As evidências indicam a necessidade de uma investigação
séria sobre o papel de setores da mídia no caso Cachoeira. Os indícios vão além
do jogo político e apontam para conluios com o crime comum. De narradora dos
acontecimentos a Veja tornou-se personagem, revelando um envolvimento nunca
visto de forma tão escancarada na cena política brasileira.

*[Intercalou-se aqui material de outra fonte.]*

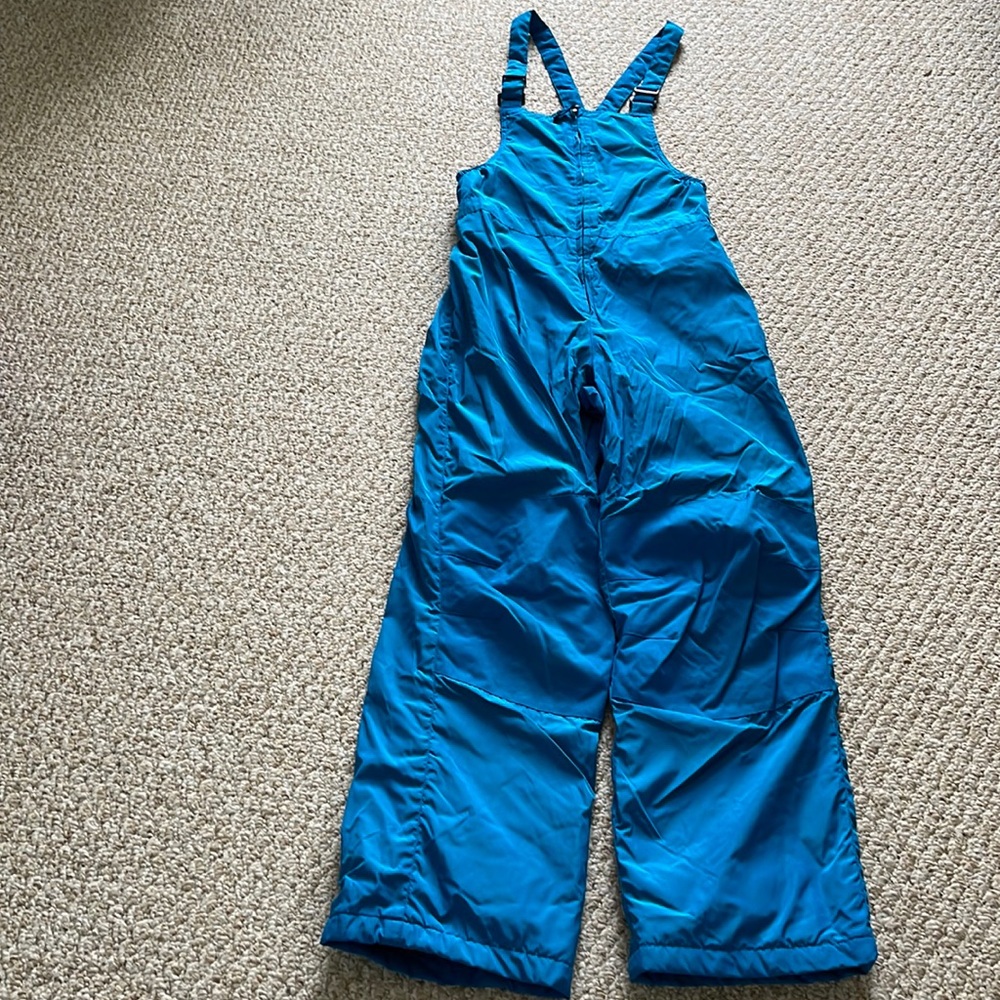 Lands’ End Kids Snow Suit Bib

Por Laurindo Lalo Leal Filho, publicado originalmente na Revista do Brasil, edição
de junho de 2012.
O caso Demóstenes-Cachoeira seria apenas mais um escândalo
político a estampar manchetes. Mas no meio do caminho, entre corrompidos e
corruptores, tinha uma Veja. De narradora dos acontecimentos a revista semanal
da Abril tornou-se personagem, revelando um envolvimento nunca visto de forma
tão escancarada na cena política brasileira. Gravações feitas pela Polícia
Federal, com autorização da Justiça, não deixam dúvidas. O contraventor
Carlinhos Cachoeira era mais do que fonte de informações. Seu relacionamento
com o diretor da sucursal de Veja em Brasília, Policarpo Junior, permitia a ele
sugerir até a seção da revista em que determinadas notas de seu interesse
deveriam ser estampadas.
O pouco que se revelou até aqui permite concluir que a
publicação tornou-se instrumento de Cachoeira para remover do governo
obstáculos aos seus objetivos. Um desses entraves estaria no Departamento
Nacional de Infraestrutura de Transportes (Dnit), do Ministério dos
Transportes, e dificultava a atuação da Delta Construções, empresa que teria
fortes ligações com o contraventor.
Segundo o jornalista Luis Nassif, a matéria da Veja sobre o
Dnit saiu em 3 de junho de 2011. “A diretoria estava atrapalhando os negócios
da Delta. Foi o mesmo modo de operação do episódio dos Correios –que daria
origem ao chamado “mensalão”. Cachoeira dava os dados, Veja publicava e
desalojava os adversários de Cachoeira.” Com isso cumpria também os objetivos
de situar-se como vigilante de desmandos e fustigar os governos Lula e Dilma,
pelos quais nunca demonstrou simpatia alguma. Basta lembrar a capa de maio de
2006 com Lula levando um pé no traseiro, juntando numa só imagem grosseria e
desrespeito. Para não falar de outras, do ano anterior, instigando o
“impeachment” do presidente da República.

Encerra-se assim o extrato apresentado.